The vertical bar inside the regexp is because the “name” label may be missing. Here are some example logs:

2024-03-15T13:10:46Z {instance="nuc1", location="none", name="packetbeat", project="default", type="lifecycle"} action="instance-restarted" source="/1.0/instances/packetbeat" requester-address="@" requester-protocol="unix" requester-username="root" instance-restarted
2024-03-15T13:10:46Z {instance="nuc1", location="none", type="logging"}                                         context-action="shutdown" context-created="2022-06-24 12:38:48.192135561 +0000 UTC" context-ephemeral="false" context-instance="packetbeat" context-instanceType="container" context-project="default" context-timeout="10m0s" context-used="2023-09-07 08:38:24.929923055 +0000 UTC" level="info" Restarted instance
2024-03-15T13:10:39Z {instance="nuc1", location="none", type="logging"}                                         context-action="shutdown" context-created="2022-06-24 12:38:48.192135561 +0000 UTC" context-ephemeral="false" context-instance="packetbeat" context-instanceType="container" context-project="default" context-timeout="10m0s" context-used="2023-09-07 08:38:24.929923055 +0000 UTC" level="info" Restarting instance
2024-03-15T13:04:29Z {instance="nuc3", type="lifecycle"}                                                        action="config-updated" source="/1.0" requester-address="@" requester-protocol="unix" requester-username="root" config-updated
2024-03-15T13:04:25Z {instance="nuc2", type="lifecycle"}                                                        action="config-updated" source="/1.0" requester-address="@" requester-protocol="unix" requester-username="root" config-updated
2024-03-15T13:04:17Z {instance="nuc1", location="none", type="lifecycle"}                                       requester-protocol="unix" requester-username="root" action="config-updated" source="/1.0" requester-address="@" config-updated
2024/03/15 13:53:19 http://localhost:3100/loki/api/v1/query_range?direction=BACKWARD&end=1710507857767301302&limit=1000&query=%7Bapp%3D%22lxd%22%7D&start=1710507199542190712
2024/03/15 13:53:19 Common labels: {app="lxd", instance="nuc1", location="none", type="lifecycle"}

Notice how the first log has the name of the container as a label (name="packetbeat"), but some other logs relating to this container don’t.
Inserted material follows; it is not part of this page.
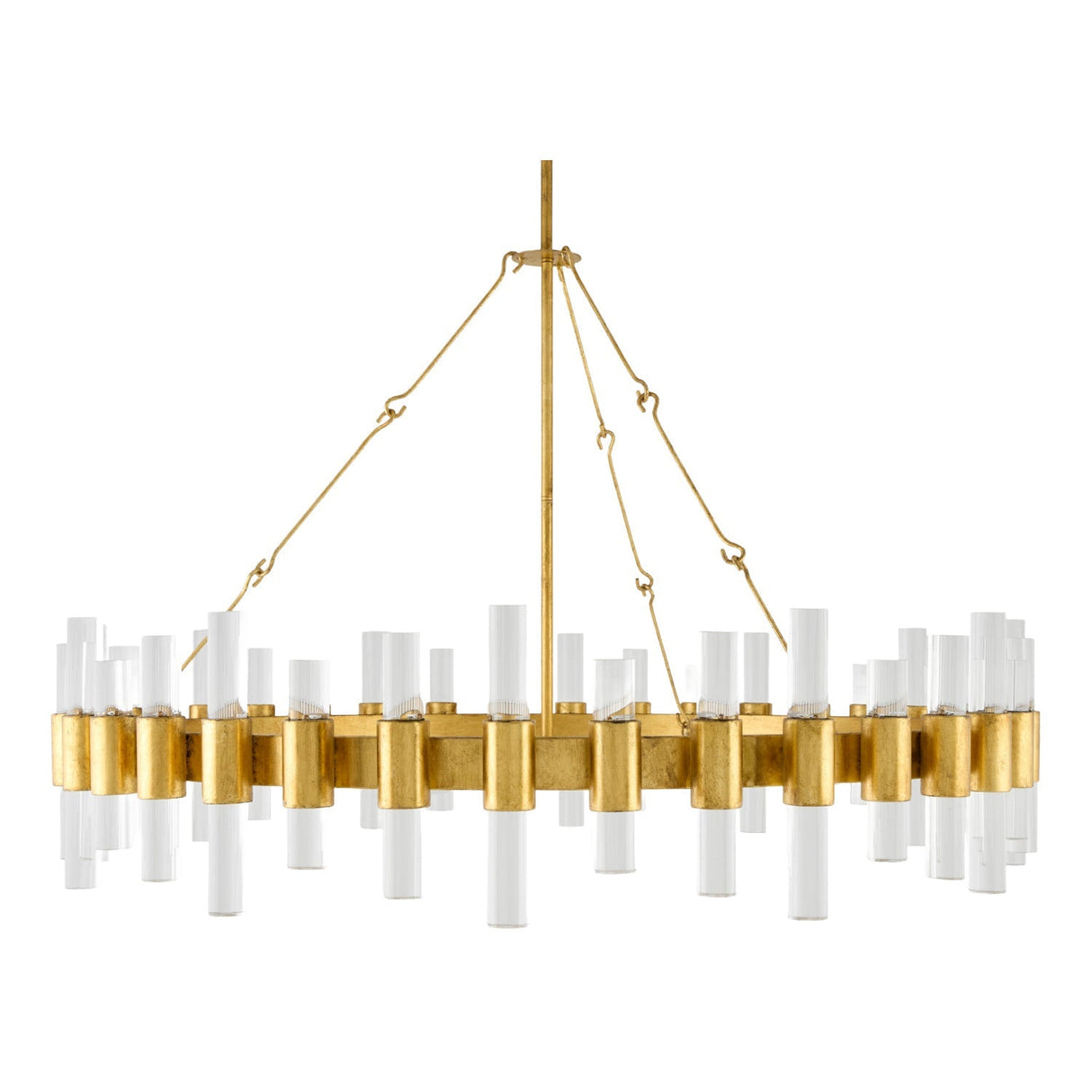 Modern European furniture - 8-Light Gold Chandelier - www.oroa.com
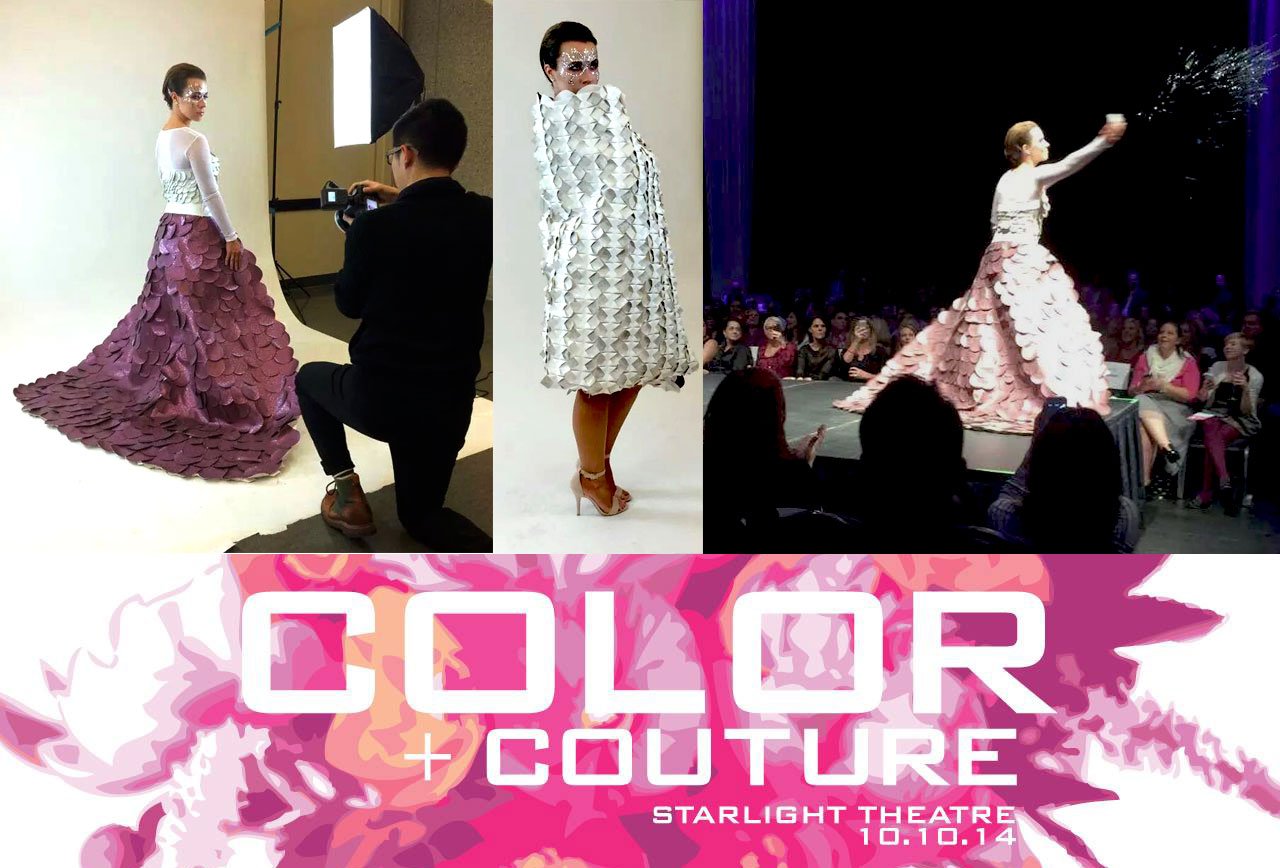 Color + Couture photo collage 2014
They may have it buried in the logfmt data though, e.g. context-instance="packetbeat"

Hence the more sophisticated filter adds | logfmt | context_instance=~"|$name" (note that the hyphen is converted to underscore when loki parses the logfmt message to create a pseudo-label). If the name label is present, then it must contain the selected container instance name; similarly, if the log message contains context_instance, then it must match the selected container instance name.

1 Like

Hello, thanks for reporting this. Could you please file a new issue over at https://github.com/canonical/lxd/issues?

Done, https://github.com/canonical/lxd/issues/13165

3 Likes